Return, word for word, the lines of the listing below from the one with "Bureau - 588 m² - 10 pièces" through the one with "Virgil van Dijk", and no other lines.

------------------------------------------------------------

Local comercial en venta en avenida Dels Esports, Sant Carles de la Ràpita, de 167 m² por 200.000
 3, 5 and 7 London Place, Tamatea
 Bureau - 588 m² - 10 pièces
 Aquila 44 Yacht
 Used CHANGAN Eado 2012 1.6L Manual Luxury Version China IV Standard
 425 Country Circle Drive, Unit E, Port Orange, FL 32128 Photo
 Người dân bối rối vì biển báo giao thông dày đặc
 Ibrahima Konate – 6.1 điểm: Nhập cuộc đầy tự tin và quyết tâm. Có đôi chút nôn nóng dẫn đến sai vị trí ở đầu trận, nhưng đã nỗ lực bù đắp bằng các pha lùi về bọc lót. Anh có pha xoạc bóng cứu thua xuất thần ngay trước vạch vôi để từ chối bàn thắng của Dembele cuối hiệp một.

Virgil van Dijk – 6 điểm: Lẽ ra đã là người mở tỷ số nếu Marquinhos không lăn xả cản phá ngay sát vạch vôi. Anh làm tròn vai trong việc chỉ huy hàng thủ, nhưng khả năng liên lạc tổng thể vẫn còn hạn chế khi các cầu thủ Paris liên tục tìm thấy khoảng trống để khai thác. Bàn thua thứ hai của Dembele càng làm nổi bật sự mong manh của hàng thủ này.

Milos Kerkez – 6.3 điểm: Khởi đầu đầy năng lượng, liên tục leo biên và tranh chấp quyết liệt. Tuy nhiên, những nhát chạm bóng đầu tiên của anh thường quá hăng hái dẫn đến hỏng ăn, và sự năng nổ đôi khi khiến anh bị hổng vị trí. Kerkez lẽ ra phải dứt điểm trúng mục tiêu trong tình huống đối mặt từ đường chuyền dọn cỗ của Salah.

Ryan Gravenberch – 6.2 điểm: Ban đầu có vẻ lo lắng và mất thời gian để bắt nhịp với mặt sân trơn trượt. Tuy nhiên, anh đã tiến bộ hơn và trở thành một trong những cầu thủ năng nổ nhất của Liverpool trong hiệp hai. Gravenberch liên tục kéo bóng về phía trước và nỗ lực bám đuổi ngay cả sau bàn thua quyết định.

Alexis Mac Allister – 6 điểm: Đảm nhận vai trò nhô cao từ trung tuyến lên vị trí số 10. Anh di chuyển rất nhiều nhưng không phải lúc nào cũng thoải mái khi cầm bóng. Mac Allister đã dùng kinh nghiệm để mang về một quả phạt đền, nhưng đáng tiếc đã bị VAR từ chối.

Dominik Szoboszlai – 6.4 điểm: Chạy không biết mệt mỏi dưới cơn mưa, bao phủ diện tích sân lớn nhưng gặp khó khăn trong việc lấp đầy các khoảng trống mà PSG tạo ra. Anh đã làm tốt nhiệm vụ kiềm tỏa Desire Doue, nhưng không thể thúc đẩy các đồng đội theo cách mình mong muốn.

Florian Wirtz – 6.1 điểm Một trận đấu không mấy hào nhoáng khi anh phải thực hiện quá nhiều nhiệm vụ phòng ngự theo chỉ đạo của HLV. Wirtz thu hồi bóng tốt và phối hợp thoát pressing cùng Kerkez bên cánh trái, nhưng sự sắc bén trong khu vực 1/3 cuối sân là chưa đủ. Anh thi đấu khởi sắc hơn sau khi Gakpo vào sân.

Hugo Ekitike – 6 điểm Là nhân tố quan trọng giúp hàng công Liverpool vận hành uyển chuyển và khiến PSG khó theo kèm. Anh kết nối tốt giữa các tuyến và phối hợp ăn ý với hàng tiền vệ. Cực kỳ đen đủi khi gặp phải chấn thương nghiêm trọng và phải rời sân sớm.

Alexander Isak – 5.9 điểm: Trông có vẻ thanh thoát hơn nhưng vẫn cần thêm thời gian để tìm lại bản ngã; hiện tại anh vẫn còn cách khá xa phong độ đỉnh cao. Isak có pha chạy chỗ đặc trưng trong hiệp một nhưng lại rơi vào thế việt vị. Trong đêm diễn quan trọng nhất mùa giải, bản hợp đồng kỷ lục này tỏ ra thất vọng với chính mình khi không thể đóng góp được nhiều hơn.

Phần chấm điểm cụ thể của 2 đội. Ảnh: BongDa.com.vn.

------------------------------------------------------------

Exercise output:
 Bureau - 588 m² - 10 pièces
 Aquila 44 Yacht
 Used CHANGAN Eado 2012 1.6L Manual Luxury Version China IV Standard
 425 Country Circle Drive, Unit E, Port Orange, FL 32128 Photo
 Người dân bối rối vì biển báo giao thông dày đặc
 Ibrahima Konate – 6.1 điểm: Nhập cuộc đầy tự tin và quyết tâm. Có đôi chút nôn nóng dẫn đến sai vị trí ở đầu trận, nhưng đã nỗ lực bù đắp bằng các pha lùi về bọc lót. Anh có pha xoạc bóng cứu thua xuất thần ngay trước vạch vôi để từ chối bàn thắng của Dembele cuối hiệp một.

Virgil van Dijk – 6 điểm: Lẽ ra đã là người mở tỷ số nếu Marquinhos không lăn xả cản phá ngay sát vạch vôi. Anh làm tròn vai trong việc chỉ huy hàng thủ, nhưng khả năng liên lạc tổng thể vẫn còn hạn chế khi các cầu thủ Paris liên tục tìm thấy khoảng trống để khai thác. Bàn thua thứ hai của Dembele càng làm nổi bật sự mong manh của hàng thủ này.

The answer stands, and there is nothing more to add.